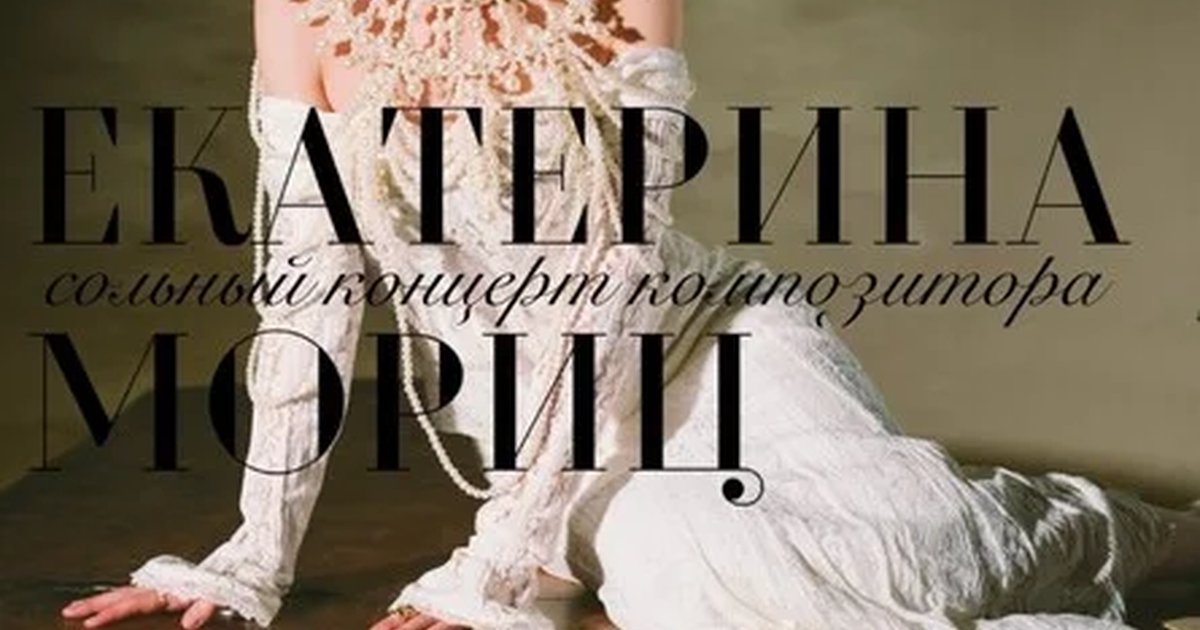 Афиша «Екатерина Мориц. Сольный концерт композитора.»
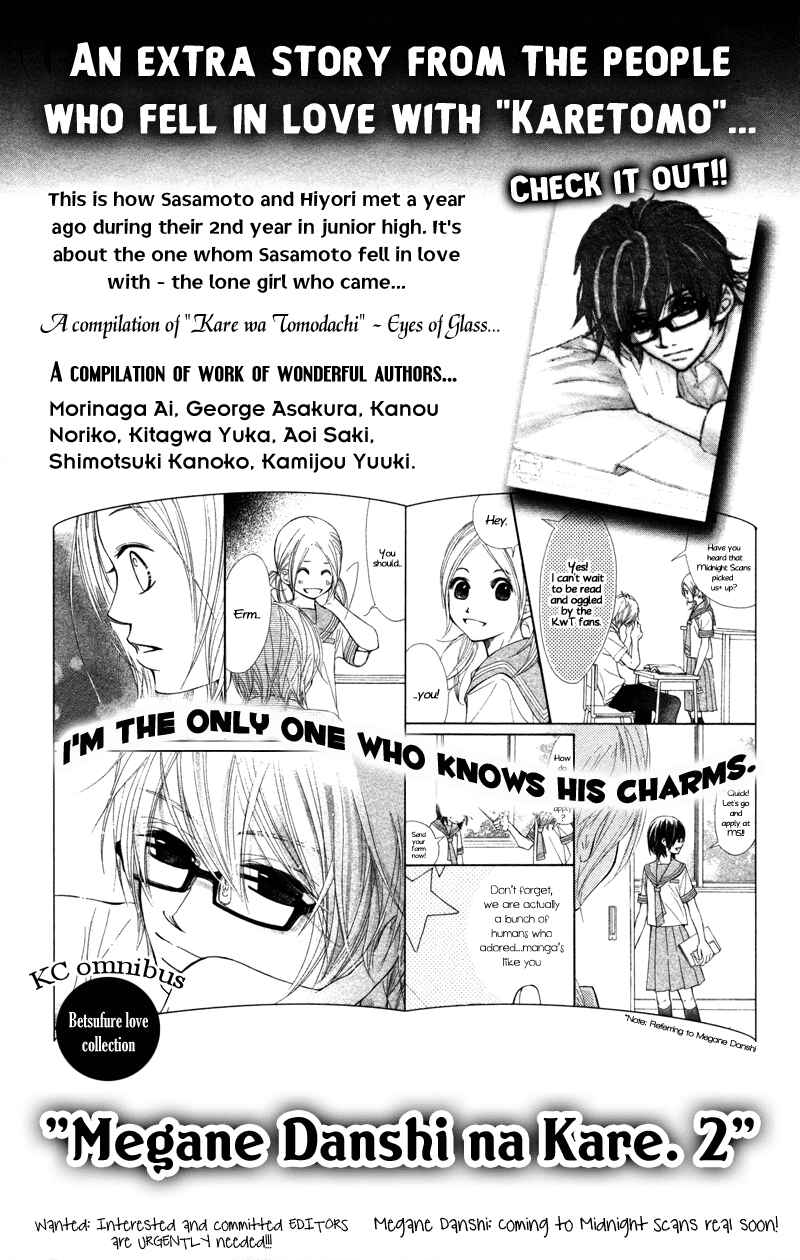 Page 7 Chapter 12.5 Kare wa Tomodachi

--

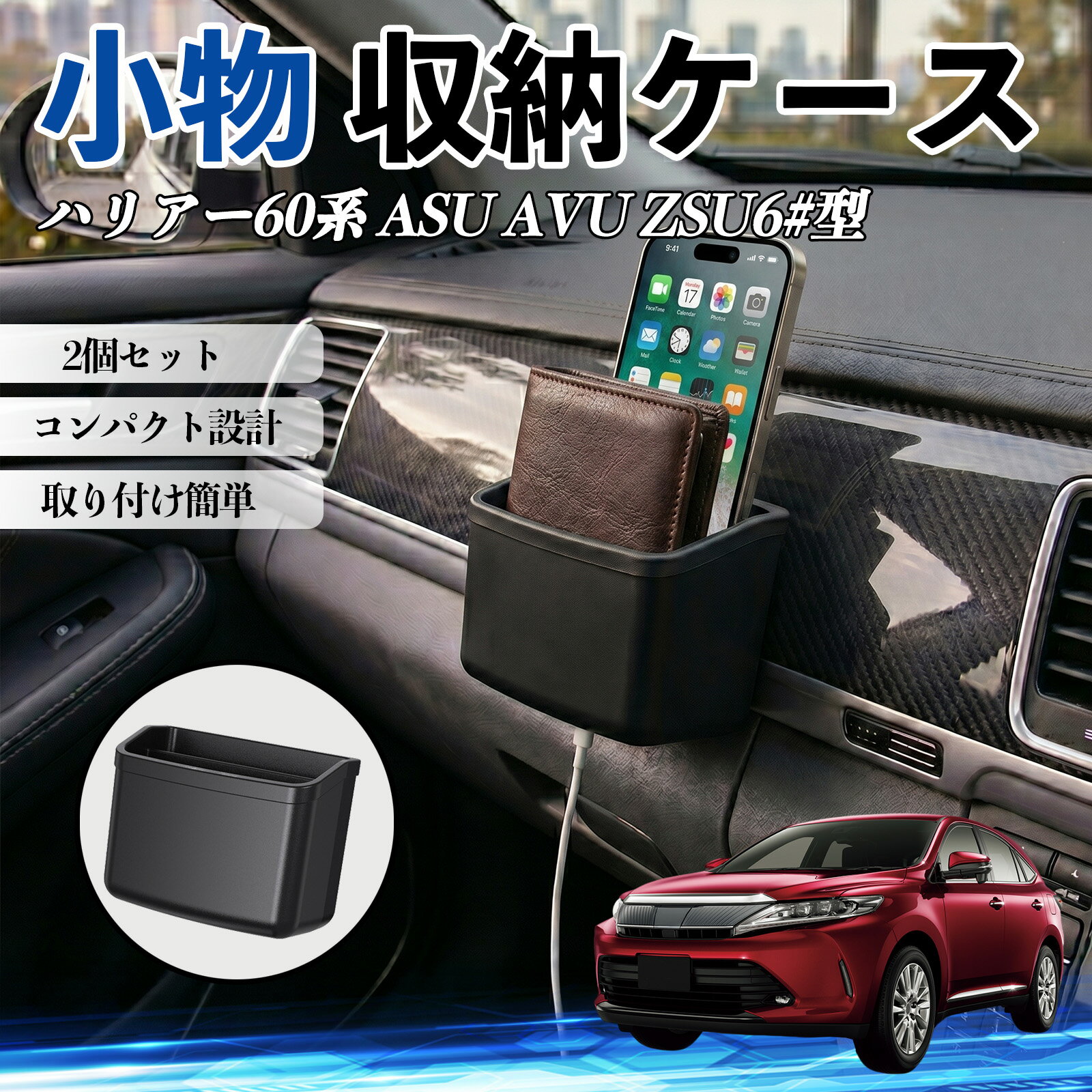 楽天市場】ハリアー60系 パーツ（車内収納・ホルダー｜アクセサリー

---

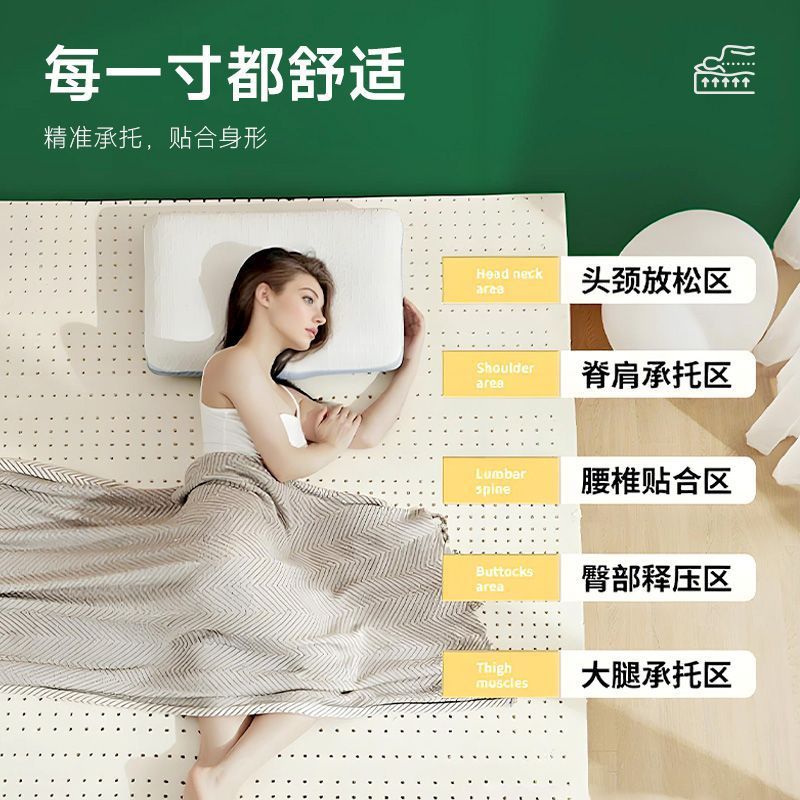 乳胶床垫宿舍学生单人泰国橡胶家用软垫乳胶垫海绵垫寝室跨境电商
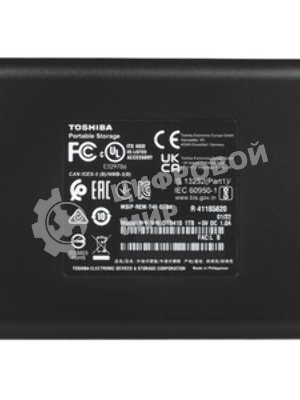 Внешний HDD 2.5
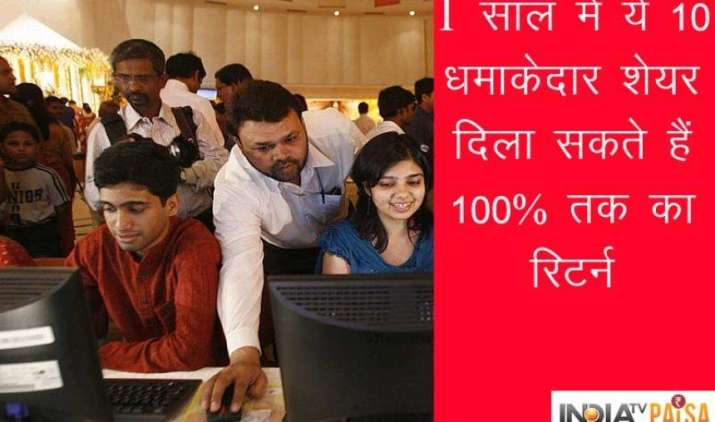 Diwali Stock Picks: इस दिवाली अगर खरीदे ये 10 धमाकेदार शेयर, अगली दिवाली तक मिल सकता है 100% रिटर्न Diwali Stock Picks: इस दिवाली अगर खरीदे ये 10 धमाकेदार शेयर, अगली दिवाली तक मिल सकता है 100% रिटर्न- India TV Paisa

*Exercise description*:
Within the listing above, find the line containing "Мориц. Сольный концерт" and the line containing "Page 7 Chapter 12.5 Kare wa Tomodachi". Transcribe them and everything between them exactly, leaving out the pictures.

*Answer for this exercise*:
 Афиша «Екатерина Мориц. Сольный концерт композитора.»
 Page 7 Chapter 12.5 Kare wa Tomodachi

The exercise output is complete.